JM Morgan Stanley Pvt Ltd ("Manager to the Offer") on behalf of Luxottica Group S.p.A and Ray Ban Indian Holdings Inc (the "Acquirers") has issued this Public Announcement to the equity shareholders of Rayban Sun Optics India Ltd ("Target Company"), which is in continuation of and should be read in conjunction with the original Public Announcement dated January 25, 2007 & the subsequent Public Announcements dated April 06, 2007 and April 16, 2007 and Letter of Offer dated April 14, 2007. The shareholders of the Target Company are requested to note the following:
1. Upward revision in Size of the Offer:
In accordance with Regulation 26 of the Securities and Exchange Board of India (Substantial Acquisition of Shares and Takeover), Regulation 1997 ("Regulations"). Acquirers are making an upward revision in size of the Offer from 4,895,900 Equity Shares, representing 20.00% of the equity share capital of the Target Company to 7,545,200 Equity Shares, representing 30.82% of the equity share capital of the Target Company ("Revised Offer"). Under the Revised Offer, the offer price of Rs 104.30 per equity share payable in cash will remain unchanged. Under the Revised Offer, for Continuing Shareholders the Offer price of Rs 185.25 per Equity Share (comprising of the Offer Price of Rs 104.30 per Equity Share and interest of Rs 80.95 per Equity Share) payable in cash will also remain unchanged.
2. Statutory Approvals
i. The Reserve Bank of India ("RBI") vide letter dated March 03, 2007, has given its no objection for effecting the transfer of 4,895,900 Equity Shares to be purchased from the shareholders of the Target Company under the Offer as per the instructions contained in A.P. (DIR Series) Circular no 16 dated October 04, 2004.
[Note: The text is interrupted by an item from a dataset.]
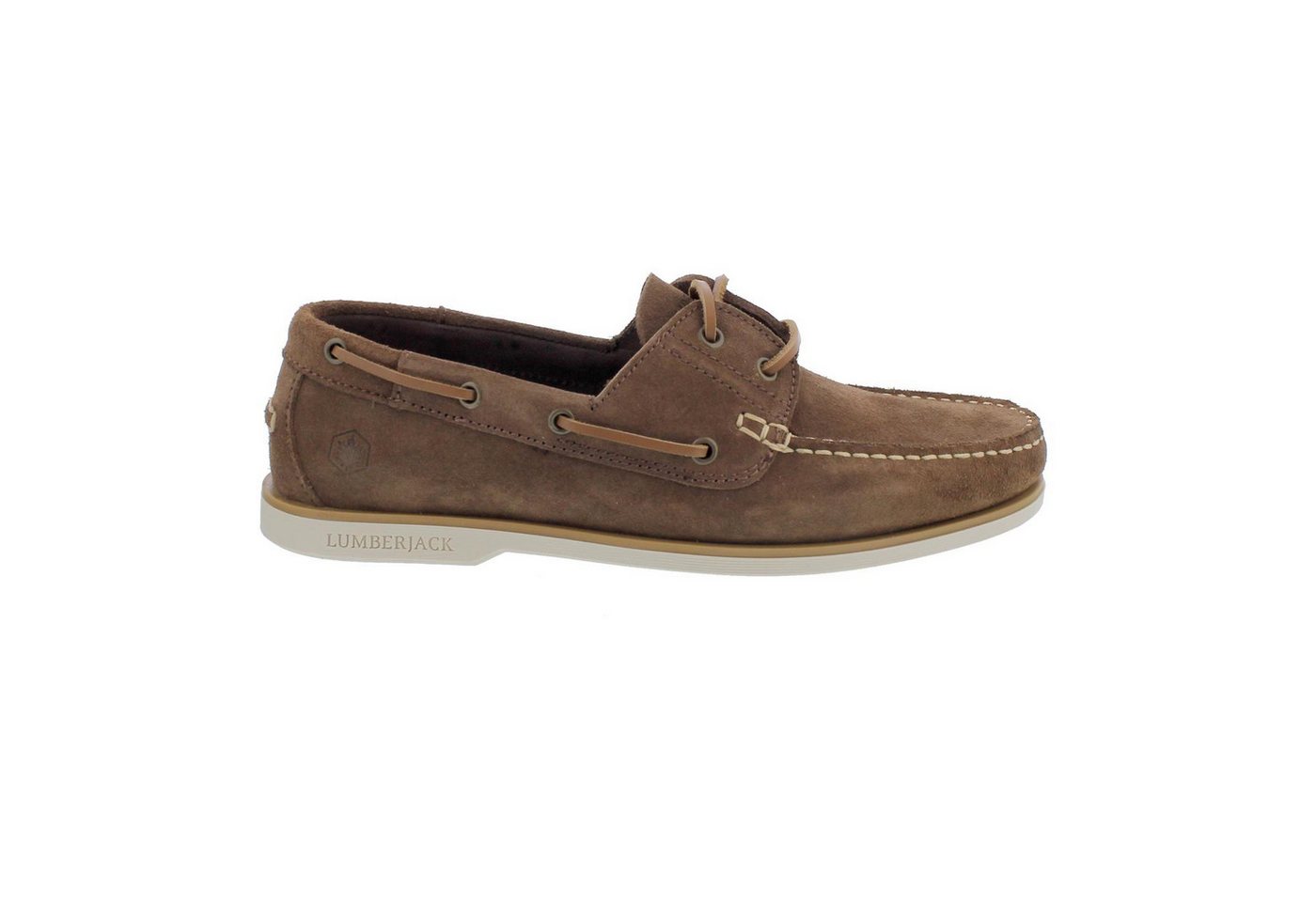 LUMBERJACK Lumberjack Navigator Bootssschuh, Washed Suede (Veloursleder), Brown S Bootsschuh von LUMBERJACK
ii. Due to upward revision in size of the Offer, the Acquirers will make necessary application to the RBI for its approval for the transfer of additional 2,649,300 Equity Shares to be acquired in the Offer from the shareholders of the Target Company. Acquisition of additional equity shares under the offer is subject to receipt of such approval from the RBI. To the Best of the knowledge of the Acquirers, no other statutory or regulatory approval is required for it to proceed with this Revised Offer. If any other approvals are required subsequently, the Offer would be subject to obtaining of such additional approvals.
The terms used but not defined in this Public Announcement shall have the same meaning assigned to them in the PA & the Letter of Offer.